En éste, las canciones que la cuidad le grita al poeta adquieren una
musicalidad propia. Poemas, algunos de ellos finamente asonantados, en los que
se atisba un desgarbo, una crudeza que hace del verso una verdadera rasgadura. Se
trata de un libro sumamente sugerente que debe leerse con detenimiento para
hallar los ecos, las reminiscencias y las presencias que se aluden siempre a
manera de glosa: comentario, explicación, apostilla.
La ciudad bien podría
ser uno de los motivos principales de este libro. Una ciudad vista desde la
palabra. En esto halla un vínculo con los juglares rupestres. La palabra
“Glosa” en el título es significativa porque marca el derrotero que tomará el
libro. No se trata de una repetición o de una adaptación de las letras del rock
rupestre, es algo más complejo. Es, también, una crítica a este movimiento. De
otra forma estaríamos ante un epígono, un imitador acaso. Pero quien se acerque
al libro descubrirá que se trata de un poeta de vocación.
El vocabulario del
libro es en parte antipoético. En parte porque Aguilera López sabe cómo y cuándo detenerse, virar y
recomenzar el camino para asir un lenguaje propio.

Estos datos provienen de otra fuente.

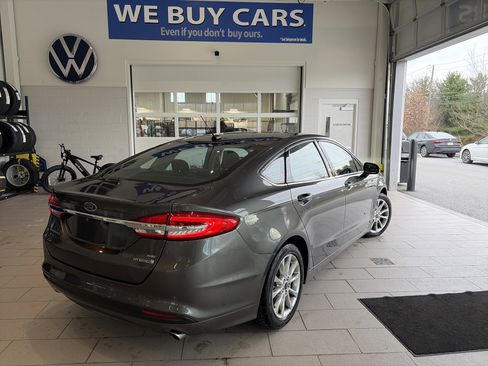 Used 2017 Ford Fusion SE image 4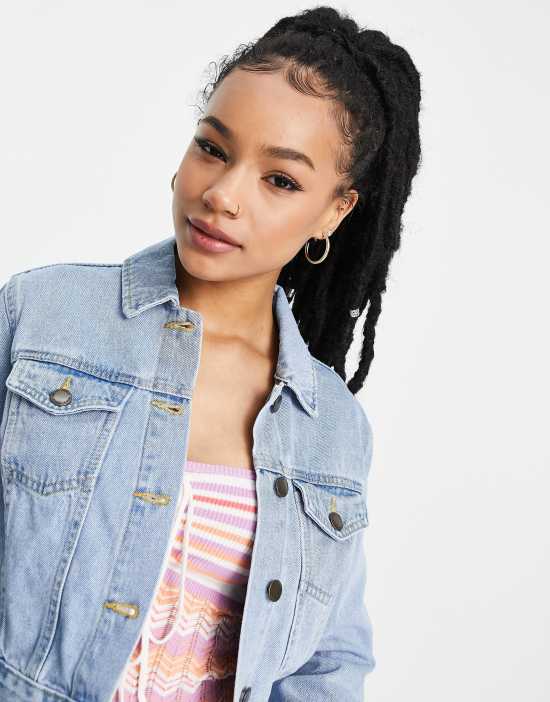 https://images.asos-media.com/products/miss-selfridge-petite-cropped-denim-jacket-in-midwash-blue/201437998-4?$n_550w$&wid=550&fit=constrain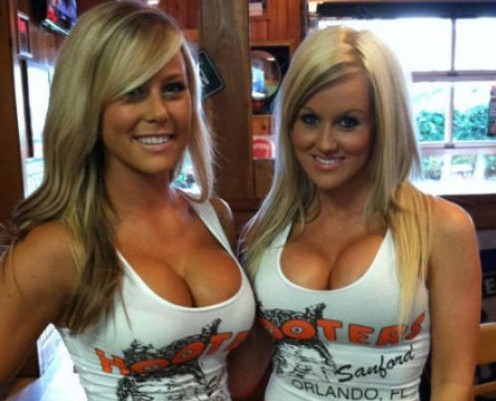 dianna fernandez recommends hot girls at hooters pic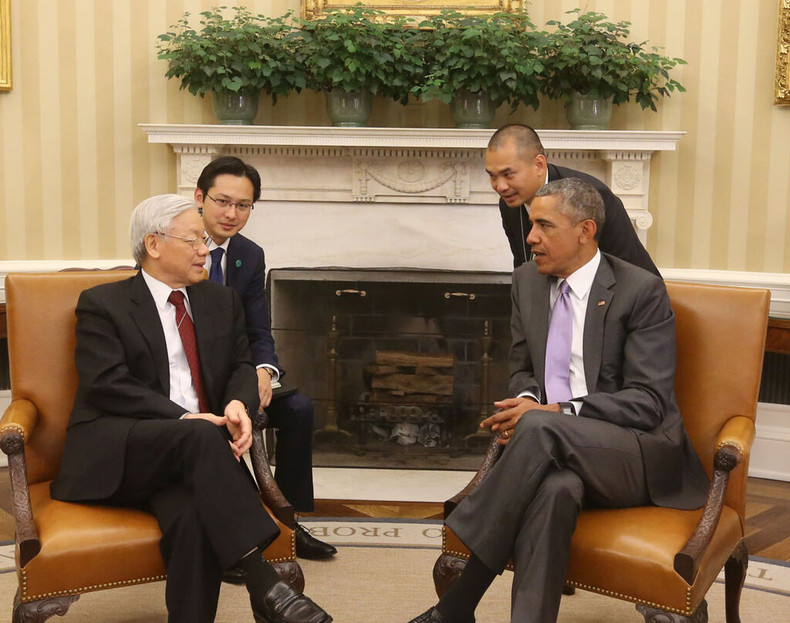 L'ancien Président américain Obama (droite) et feu le Secrétaire général Nguyên Phu Trong lors de sa visite historique aux États-Unis en 2015. Photo : VNA.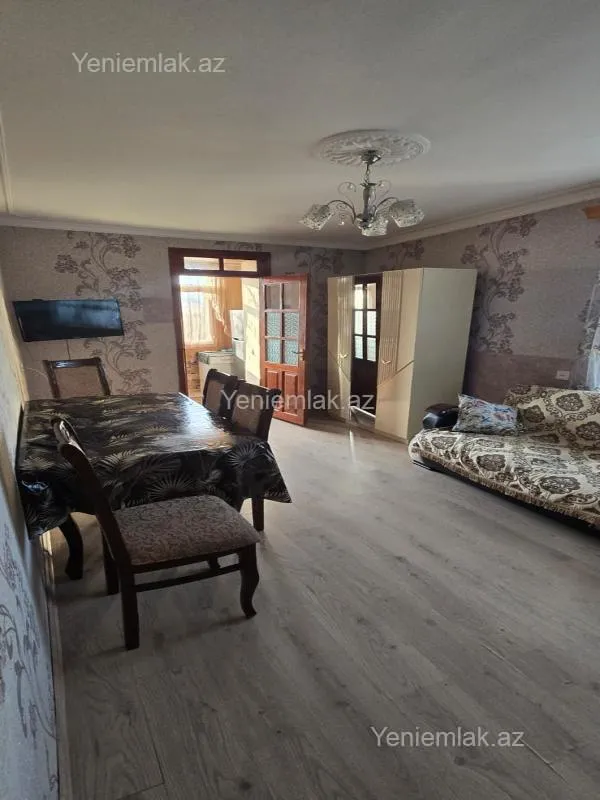 Satılır 1 otaqlı köhnə tikili 30 m²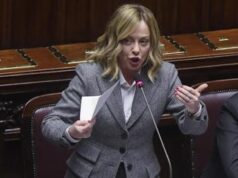Meloni alla Camera contro tutti, non arretra su Stellantis e ‘morde’ le opposizioni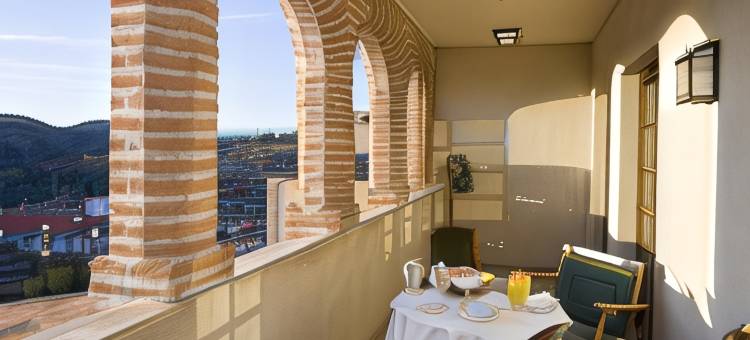 普拉森西亚旅馆(Parador de Plasencia)图片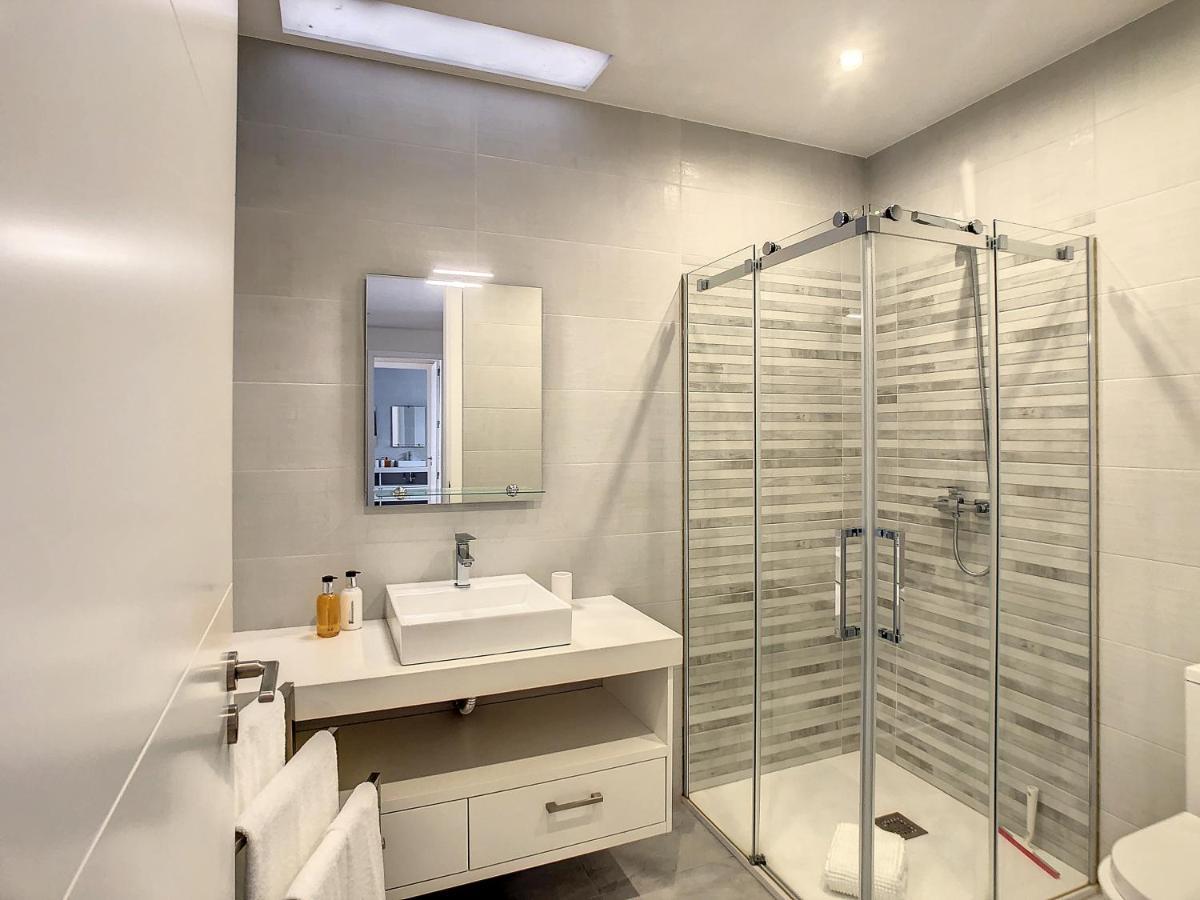 Evoque Villa By Lovelystay Arco da Calheta  Buitenkant foto
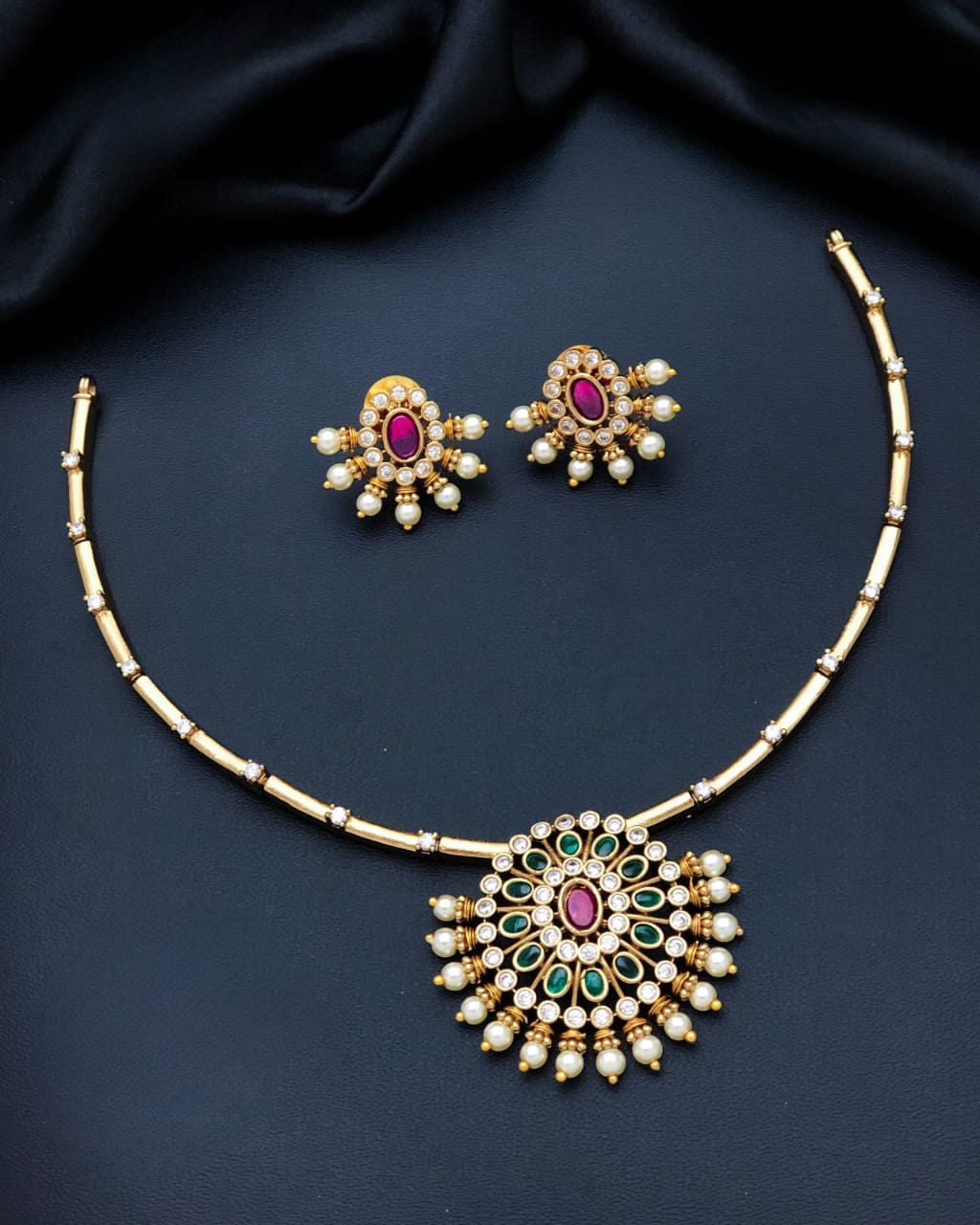 Pipe Model Multi Choker Set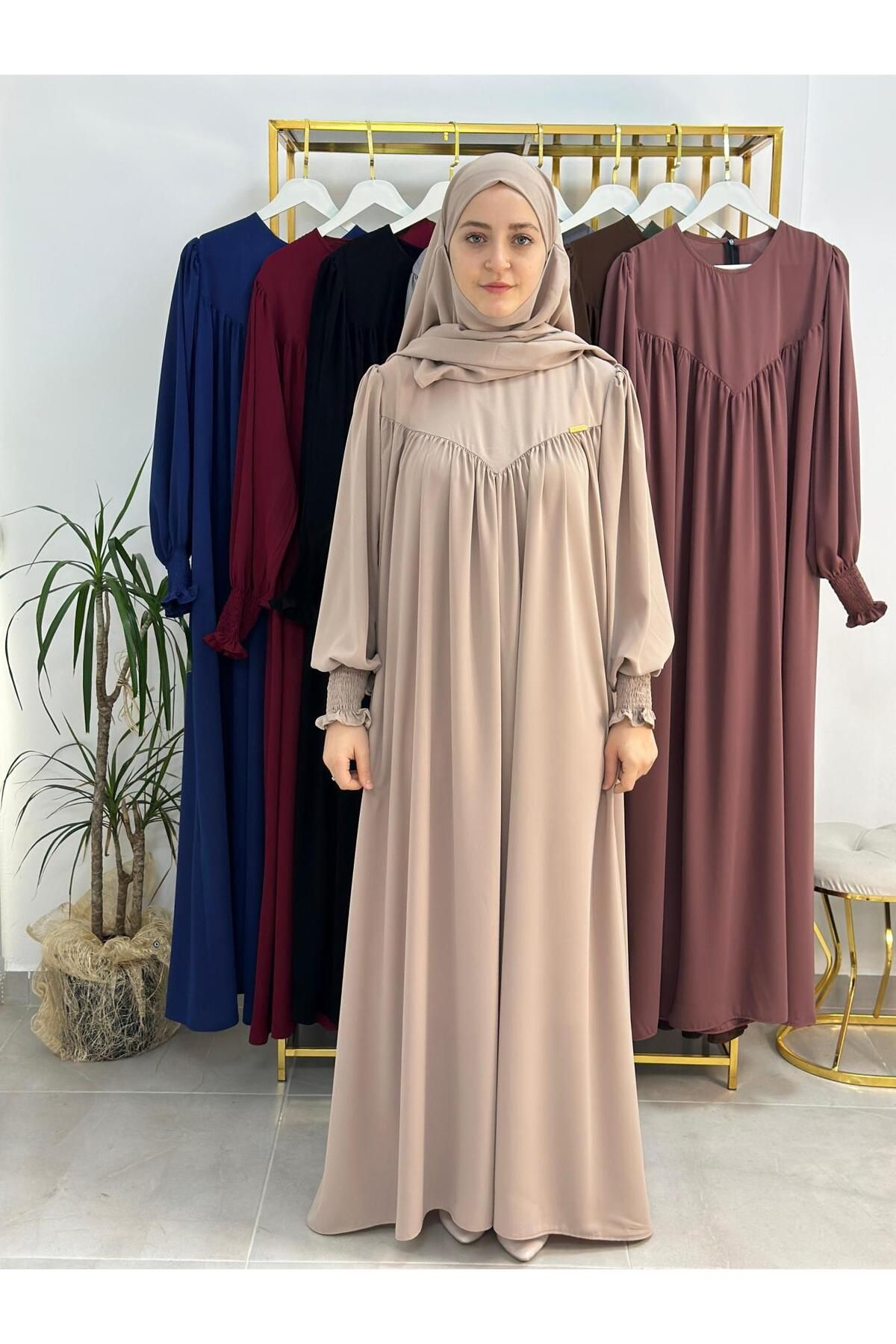 erasra class tesettür elbise,önü V model büzgülü,sufle esarpla takım.hijap ,khimar.hac umre için uygundur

Lejos estamos del lenguaje ñerito que profetizaba
Parménides García Saldaña, pero no tan distante de los primeros antipoemas de
Nicanor Parra. Aguilera López nos
recuerda, no sin razón, que la “pinche
piedra / sigue victimando / al viejo, / al ebrio / a la puta, / al poeta / al
asesino, / a Dios.” Concuerdo con los editores al señalar que se trata de “un
libro que se arriesga como pocos en México, a abordar abiertamente con una
postura popular de la poesía, el ejercicio lúdico y reflexivo de la tradición
poética en la obra propia.” Acaso no hay mejores palabras: en este libro hay
riesgo, hay sensatez, hay humor y la mezcla de estos es de sumo apetecible.
Desconozco cuánto tiempo gastó el poeta en
conformar este volumen. Me niego a pensar que fue hecho en un lapso breve. Es
un título muy cuidado, que delata una pluma observadora y paciente. (Quizá me
equivoque, quizá fue elaborado en poco tiempo, lo que hablaría del genio del
autor). Aunque un mismo aire de familia permea en todo el libro, cada sección
es distinta de la precedente, y de la que deviene. Hay al menos dos poetas en Glosar rupestre. En otra ocasión abordaré este punto. Baste
decir que se trata de un libro que augura una propuesta fresca que merece
ponderarse en beneficio de la poesía que se escribe hoy en el país. Una lectura
necesaria para completar el panorama de la lírica mexicana reciente y
comprender la complejidad de la misma.